Invertire la rotta a Gaza
«Israele deve agire a partire da oggi ed entro 30 giorni» per migliorare in maniera significativa e duratura la situazione umanitaria nella Striscia di Gaza, scrivono Blinken e Austin al ministro della Difesa israeliano Yoav Gallant e a quello per gli Affari strategici Ron Dermer. Se non lo farà e non s’impegnerà «a implementare e mantenere attive tali misure» questo «potrebbe avere conseguenze sulla politica e la legislazione degli Usa» riguardo al trasferimento di armi a Israele. Nella lettera, secondo quanto riporta Haaretz, i capi del Pentagono e del Dipartimento di Stato ricordano come la situazione umanitaria nella Striscia si sia fatta ormai insostenibile, come conseguenza diretta di una serie di azioni implementate dal governo israeliano nelle ultime settimane: l’aver «bloccato le importazioni, negato o impedito quasi il 90% dei movimenti umanitari tra nord e sud di Gaza a settembre, posto continui ostacoli e restrizioni allo staff e alle spedizioni umanitarie, il tutto associato a crescenti saccheggi e azioni illegali, stanno contribuendo al rapido deterioramento delle condizioni a Gaza.
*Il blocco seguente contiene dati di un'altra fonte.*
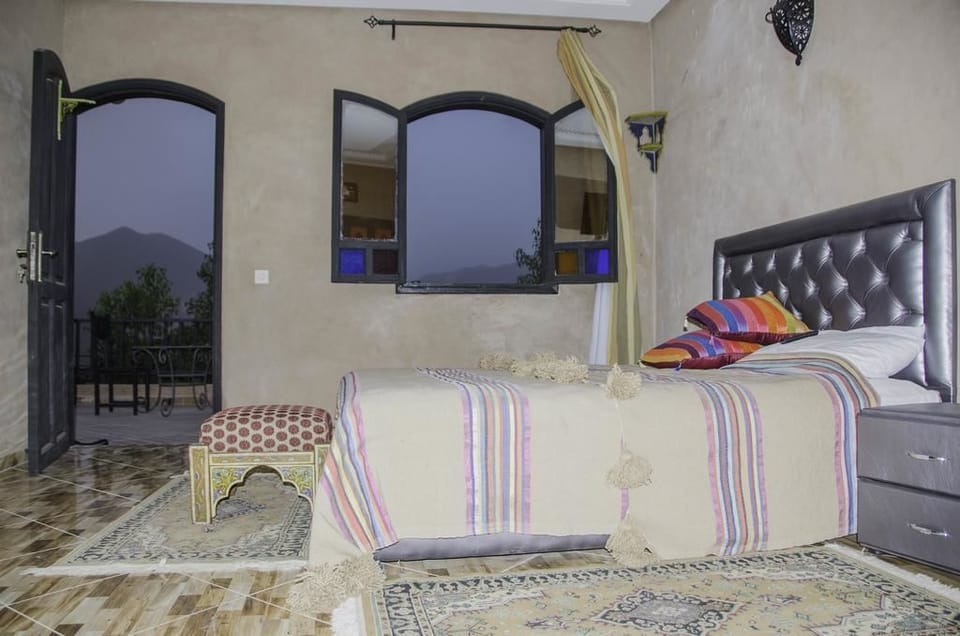 Basic Room, Lake View | Individually decorated, blackout drapes, iron/ironing board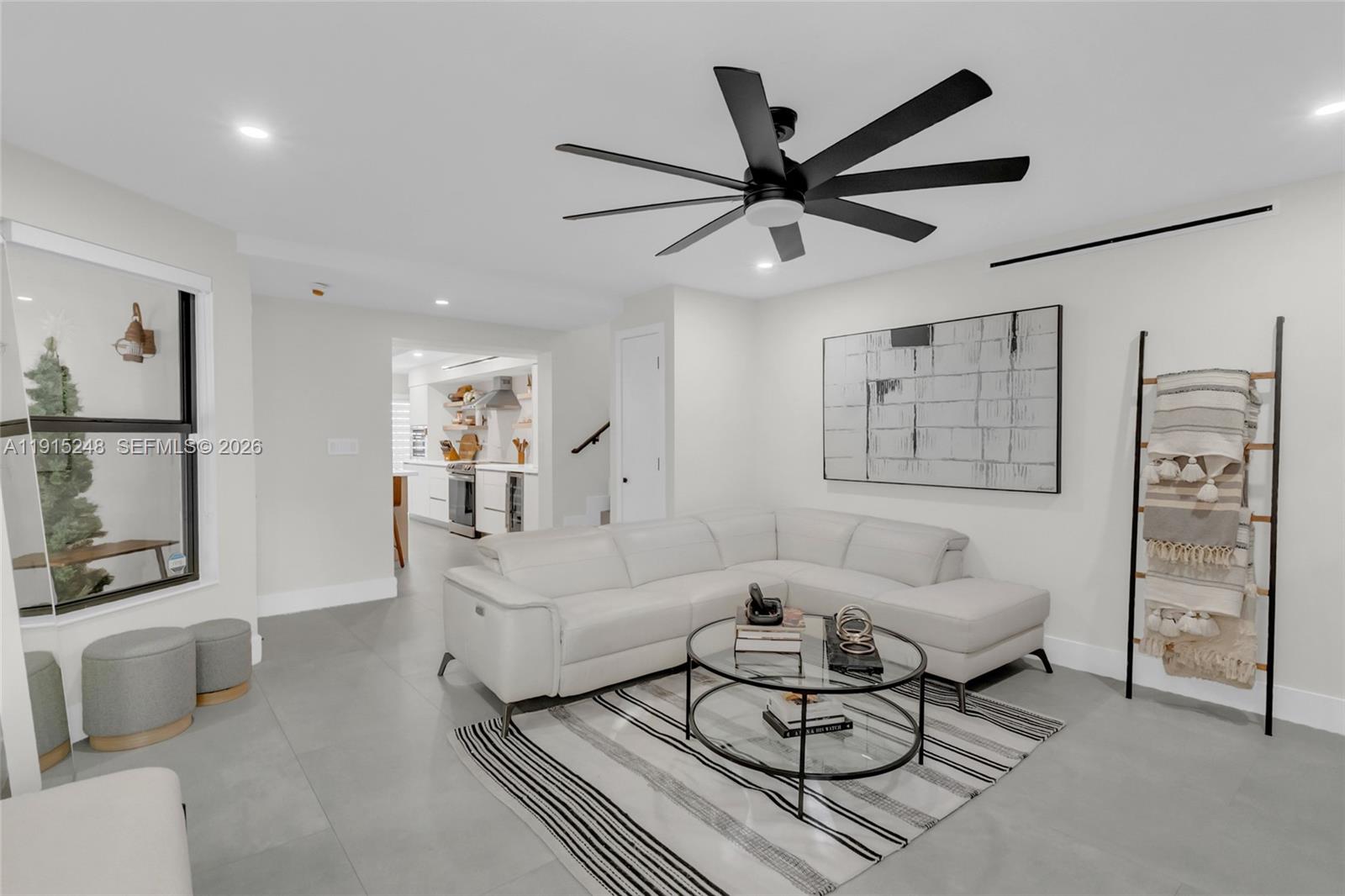 400 Valencia Ave #3, Coral Gables FL 33134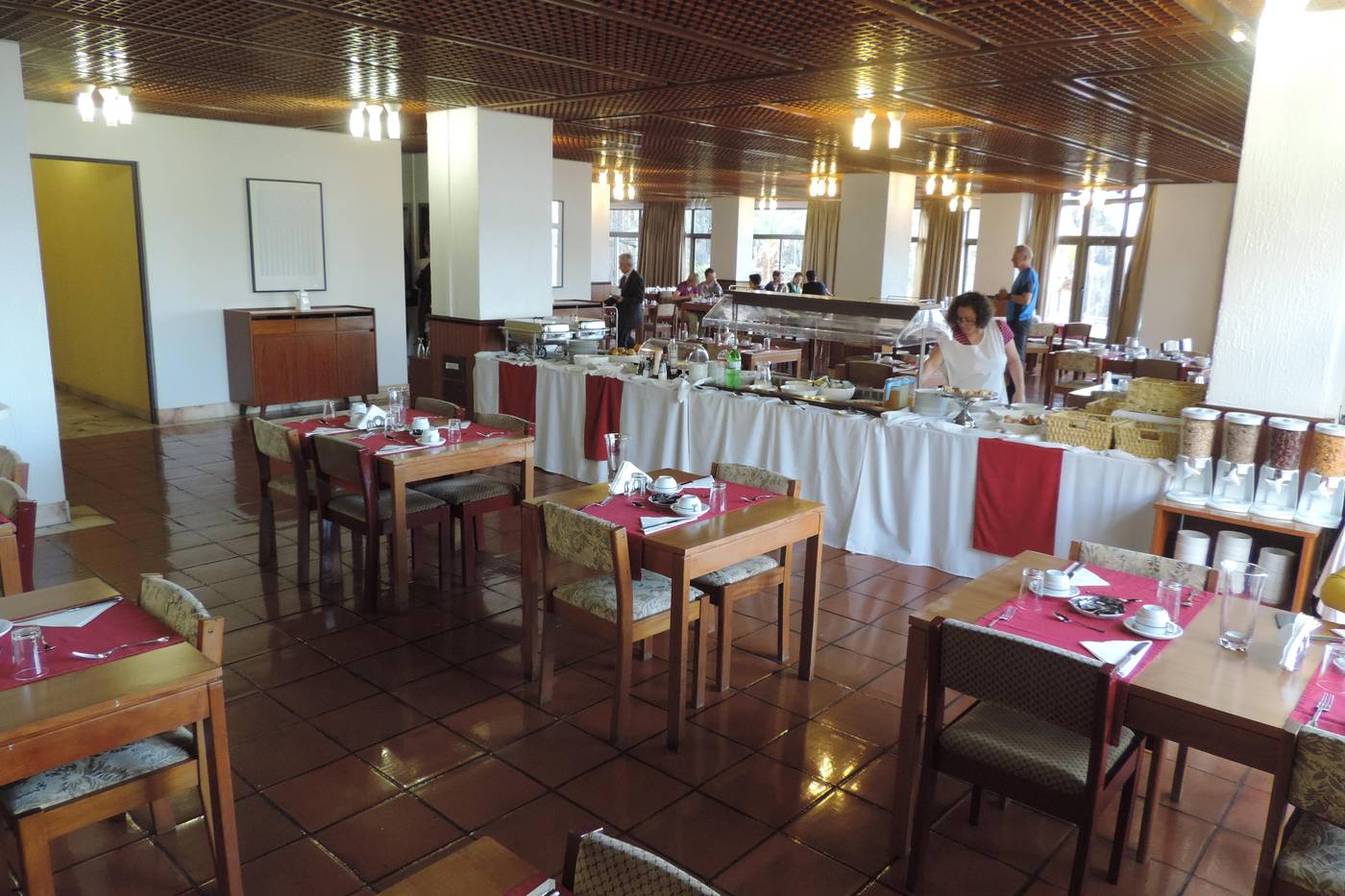 Cheerfulway-Bravamar-Hotel-Restaurant-13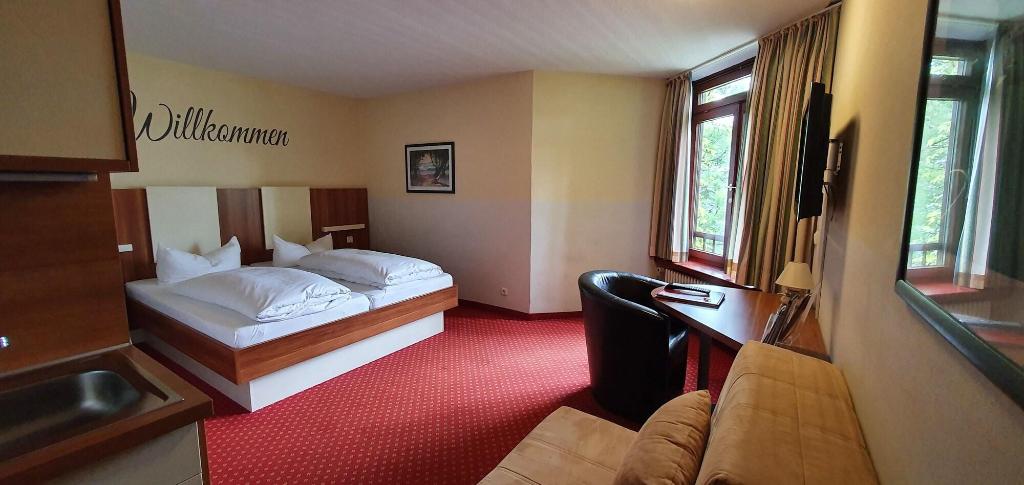 hotel-thumb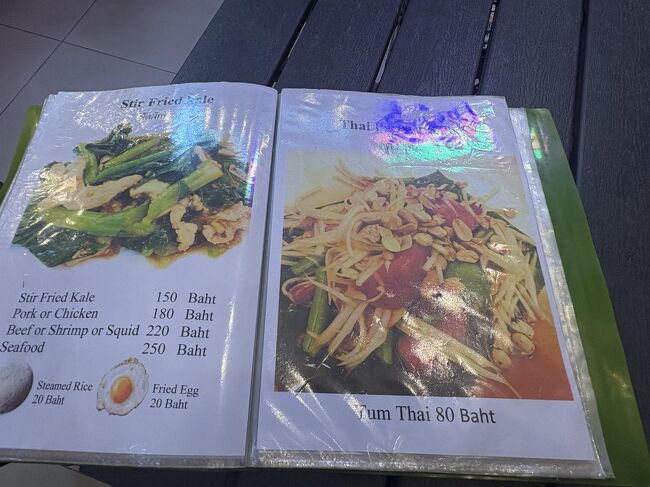 ソムタム（パパイヤサラダ）を食べます。<br />80バーツ（400円）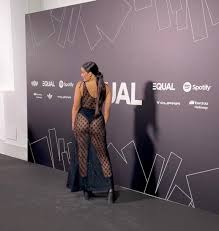 Chanel Terrero luce tipazo en una gala con un espectacular vestido con  transparencias | JaqueMateAteos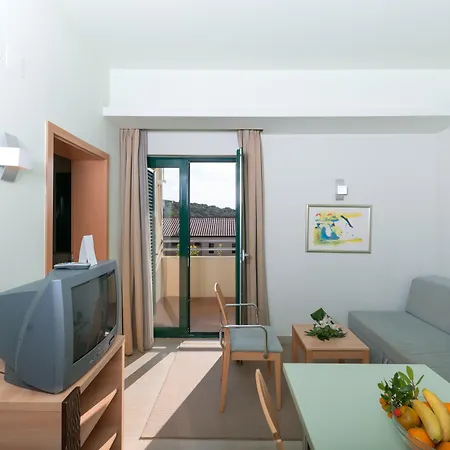 Maistra Select Petalon 4*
A settembre, come rilevato con estrema preoccupazione ieri anche dall’Alto rappresentante Ue Josep Borrell, il flusso di aiuti umanitari entrati nella Striscia di Gaza è crollato ai livelli più bassi mai registrati dall’inizio del conflitto.
La minaccia dell’embargo
Ora Netanyahu e i suoi hanno un mese per invertire la rotta, o potrebbero veder fermarsi il flusso di armi e altre dotazioni militari dagli Usa, proprio mentre pare allargarsi il secondo fronte di guerra in Libano. Se gli aiuti umanitari americani continueranno a essere bloccati, sul piatto c’è anche l’ipotesi dello stop totale dei rifornimenti, hanno messo in chiaro gli Usa negli ultimi giorni, secondo quanto riferito da fonti diplomatiche israeliane. La stessa Kamala Harris d’altronde, nella doppia veste di vicepresidente e candidata alla Casa Bianca nell’elezione ormai alle porte, ha lanciato l’allarme sul mancato ingresso di cibo a Gaza da due settimane: «Israele deve fare di più urgentemente per facilitare l’arrivo degli aiuti a coloro che ne hanno bisogno. I civili devono essere protetti e avere accesso ad acqua, cibo e medicine. Il diritto internazionale umanitario deve essere rispettato». Lettera dei suoi due colleghi alla mano, assomiglia più a un ordine esecutivo che a una wishlist.